Based on this image from https://github.com/fastai/course-nlp/blob/master/RNNs.pptx(slide 5)
Screenshot from 2020-06-23 07-34-39 shouldn’t the model class be defined as -

class Model00(nn.Module):
    def __init__(self):
        super().__init__()
        self.i_h = nn.Embedding(nv,nh)  # green arrow; nv=40; nh=64
        self.h_h = nn.Linear(nh,nh)     # brown arrow
        self.h_o = nn.Linear(nh,nv)     # blue arrow
        self.bn = nn.BatchNorm1d(nh)
        
    def forward(self, x): # x.shape (64, 3)
        h = self.bn(F.relu(self.i_h(x[:,0])))
        if x.shape[1]>1:
            h = self.h_h(h) + self.i_h(x[:,1]) #brown arrow + green arrow for word 2
            h = self.bn(F.relu(h))
        if x.shape[1]>2:
            h = self.h_h(h) + self.i_h(x[:,2])
            h = self.bn(F.relu(h))
        return self.h_o(h)

What am I missing here or not understanding correctly?

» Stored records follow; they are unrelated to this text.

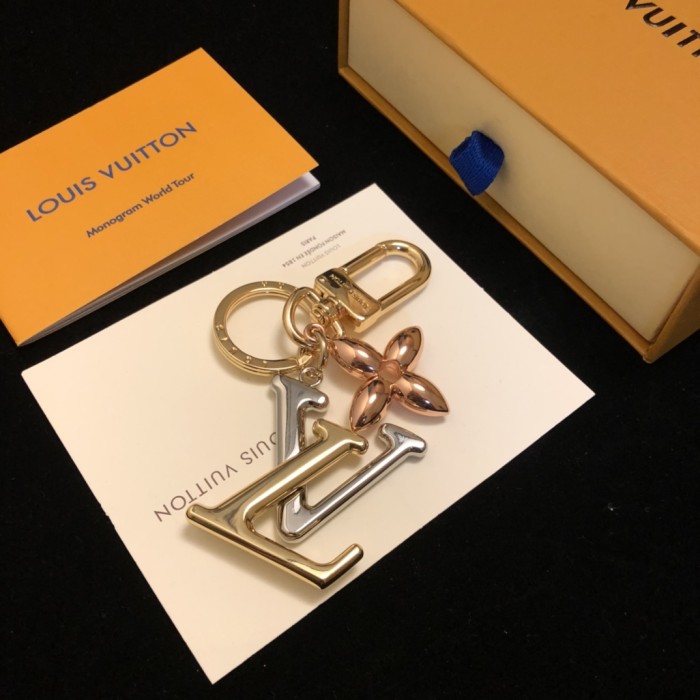 Louis Vuitton TWIST BAG CHARM Luxury Brand with Original Box M68197 Dimensions: 13 cm / 5,11 inches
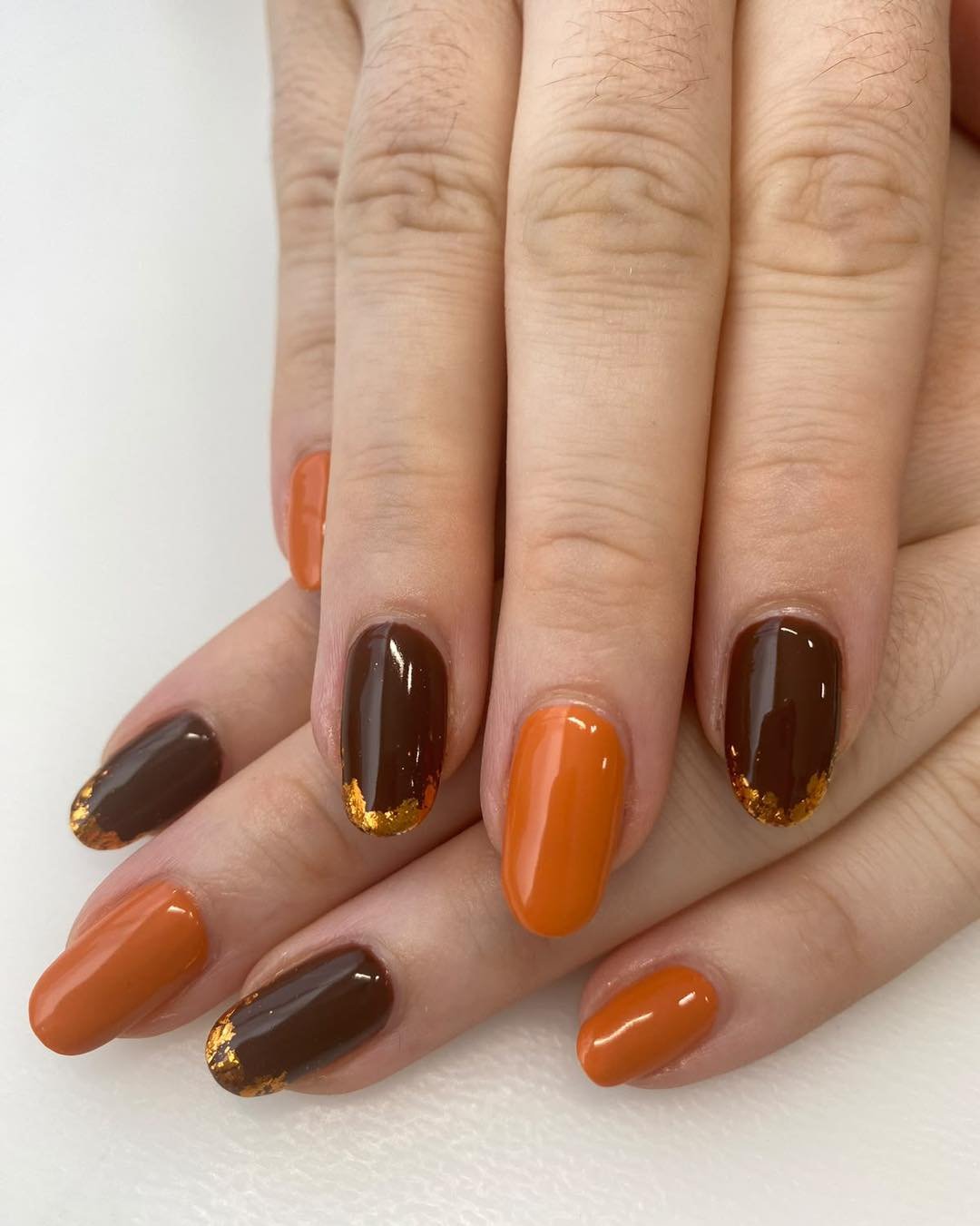 Liezl creating some fabulous autumn vibes! Book your appointment today. She&rsquo;s added some extra slots! You might just be lucky! 
@hudsonroad_nailbar
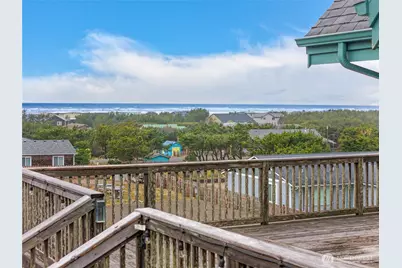 31102 J Place, Ocean Park, WA 98640 - Photo 3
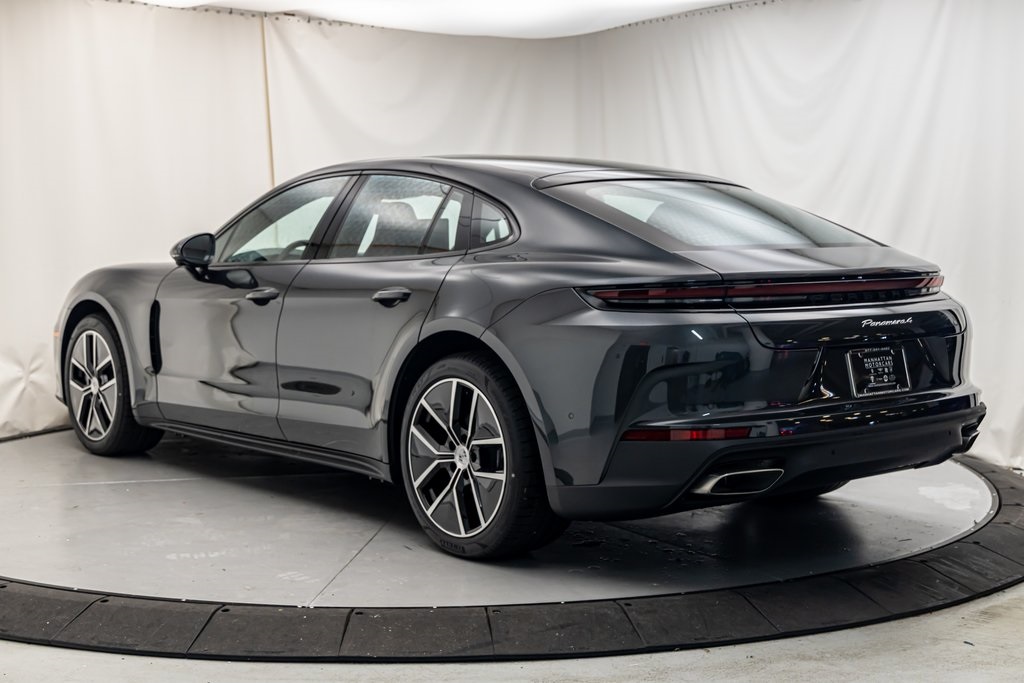 2024 Porsche Panamera 4 photo 3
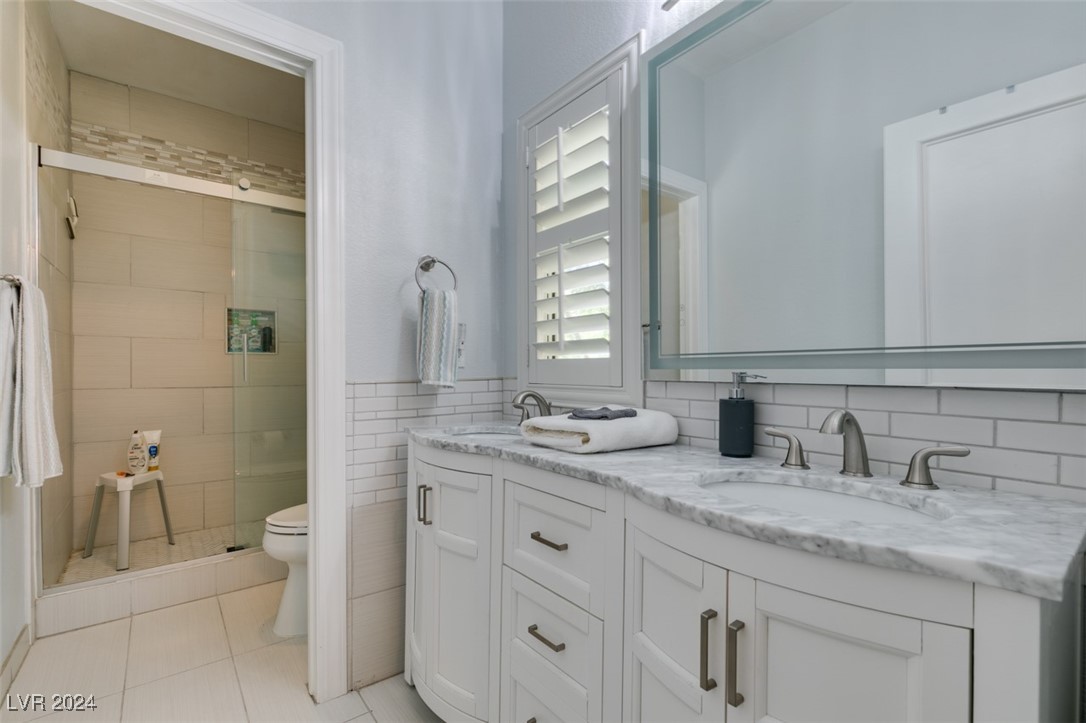 251 South Green Valley Parkway 1011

I found this also strange when I saw it and I agree with your adaption of the code. I thought that in a standard RNN you get the new hidden state by h = self.h_h(h) + self.i_h(x[:,i]) (followed by activation function). In this case, weight matrix self.h_h would learn a function of how to modify the hidden state from one time step to another given only the previous hidden state.

In the other case, when you first add up the previous hidden state with the embedding transformed by self.i_h and only then multiply the result by self.h_h you would learn a function that modifies the hidden state based on previous hidden state and embedding of the current time step.

Maybe it doesn’t matter much in practice which way is applied. Did you observe some difference in model performance?

The model performance is similar in both cases.